STJ: Cabem honorários em ação contestada antes de citação e desistência
Colegiado entendeu que desistência só produz efeitos após homologação judicial; no caso, a contestação foi apresentada antes dessa decisão.
Da Redação
terça-feira, 19 de maio de 2026
Atualizado às 15:23
É cabível condenação em honorários sucumbenciais quando a parte ré apresenta contestação antes da homologação do pedido de desistência da ação, ainda que não tenha sido formalmente citada.
Com esse entendimento, a 3ª turma do STJ acompanhou o voto do relator, ministro Ricardo Villas Bôas Cueva, para negar provimento ao recurso especial.
Ministra Nancy Andrighi não votou, por ausência justificada.
Entenda
O caso teve origem em ação anulatória de sentença arbitral. Após o ajuizamento, a parte autora pediu a desistência da ação.
Antes da citação formal e antes da homologação da desistência, porém, a parte ré apresentou contestação. A controvérsia, então, passou a ser se, nessas circunstâncias, seria cabível a condenação da autora ao pagamento de honorários sucumbenciais.
Voto do relator
Ao votar, ministro Cueva explicou que a desistência da ação é ato unilateral do autor, por meio do qual ele abre mão do processo, mas não necessariamente do direito material discutido contra o réu.
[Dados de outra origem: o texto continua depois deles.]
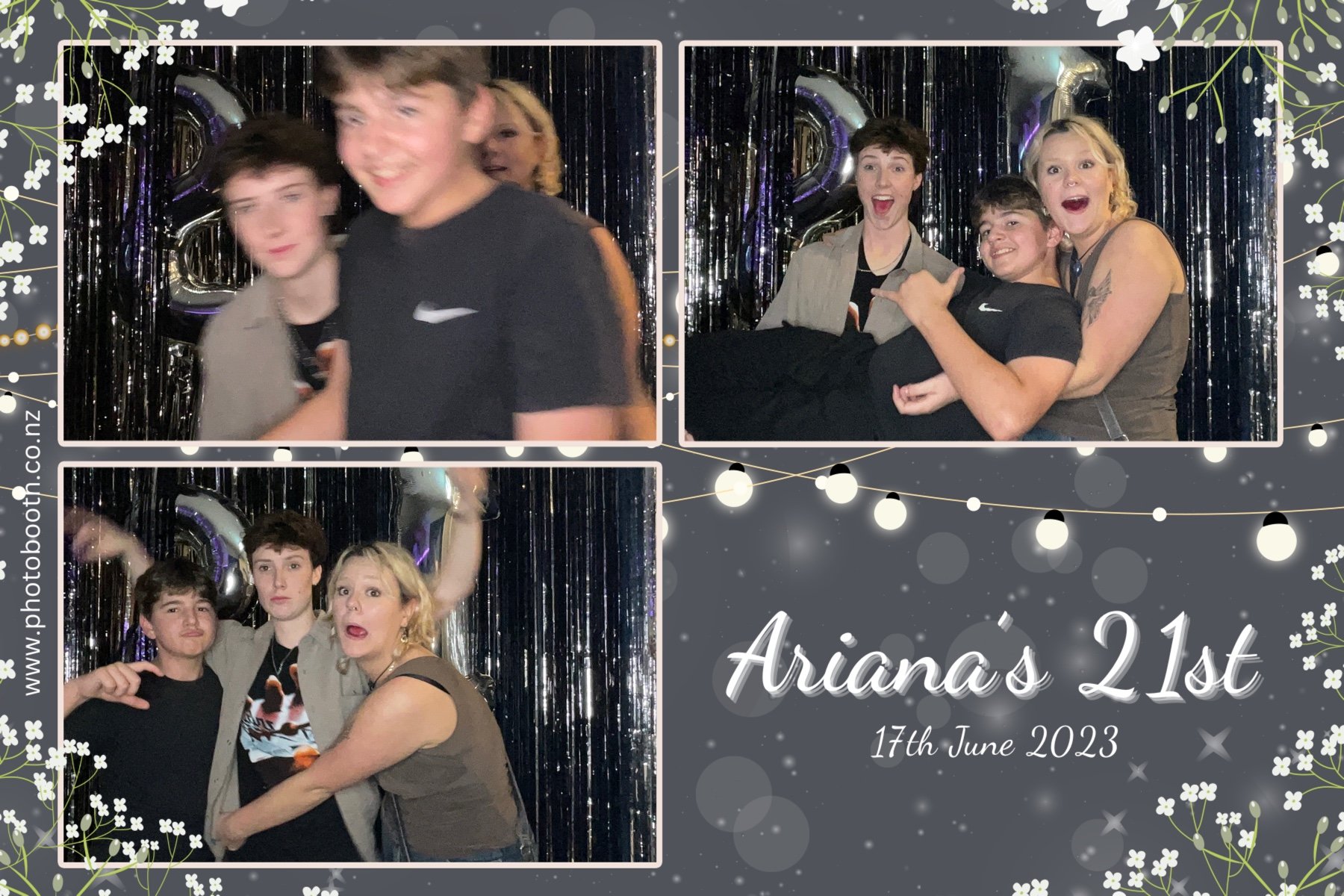 Ariana's 21st | View more photos from the event at gallery.photobooth.co.nz/u/SelfieCentral/Arianas-21st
Segundo o relator, em regra, não cabe fixação de honorários em favor da parte ré quando a desistência é homologada antes da citação. Por outro lado, se a citação já tiver ocorrido, a jurisprudência do STJ admite a condenação do autor desistente ao pagamento da verba sucumbencial.
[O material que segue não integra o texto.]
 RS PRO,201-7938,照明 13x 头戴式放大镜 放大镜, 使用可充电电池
No caso concreto, porém, o ministro destacou uma particularidade: a contestação foi apresentada antes da citação formal, mas também antes da homologação do pedido de desistência.
Para Cueva, como a desistência só produz efeitos após a homologação judicial, o autor assume o risco da sucumbência se houver pretensão resistida, inclusive pelo comparecimento espontâneo da parte ré.
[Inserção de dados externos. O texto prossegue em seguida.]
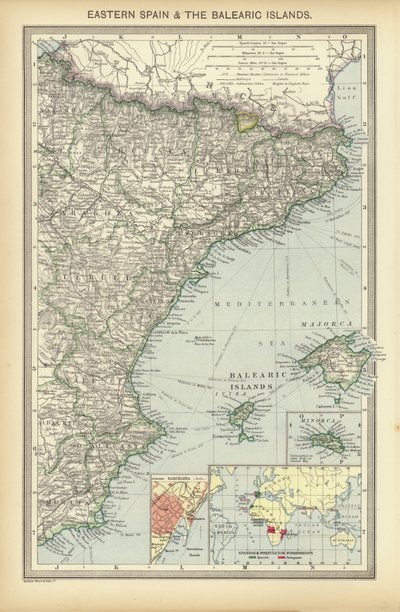 Ostspanien und die Balearen von English School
"Considerando que o pedido de desistência da ação só produz efeitos depois da sua homologação, o autor assume o risco da sucumbência se houver pretensão resistida, inclusive pelo comparecimento espontâneo do réu", afirmou.
Com o relator
Ministra Daniela Teixeira acompanhou integralmente o relator e ressaltou que a ausência de citação formal não significa inexistência de trabalho pelos advogados da parte ré.
"O fato de não ter sido citada formalmente não quer dizer que os advogados não tenham trabalhado, tanto assim que protocolaram a contestação por vontade própria", observou.
A ministra destacou que esse tipo de atuação é comum em causas de alto valor e envolvendo grandes empresas, nas quais os escritórios acompanham de perto a movimentação processual e, muitas vezes, apresentam contestação antes mesmo da apreciação de liminares.
Daniela Teixeira também lembrou que, no caso, a desistência só foi homologada cerca de um ano e meio depois do ajuizamento da ação.
O advogado Ricardo Loretti Henrici,da banca Bermudes Advogados, atuou na ação.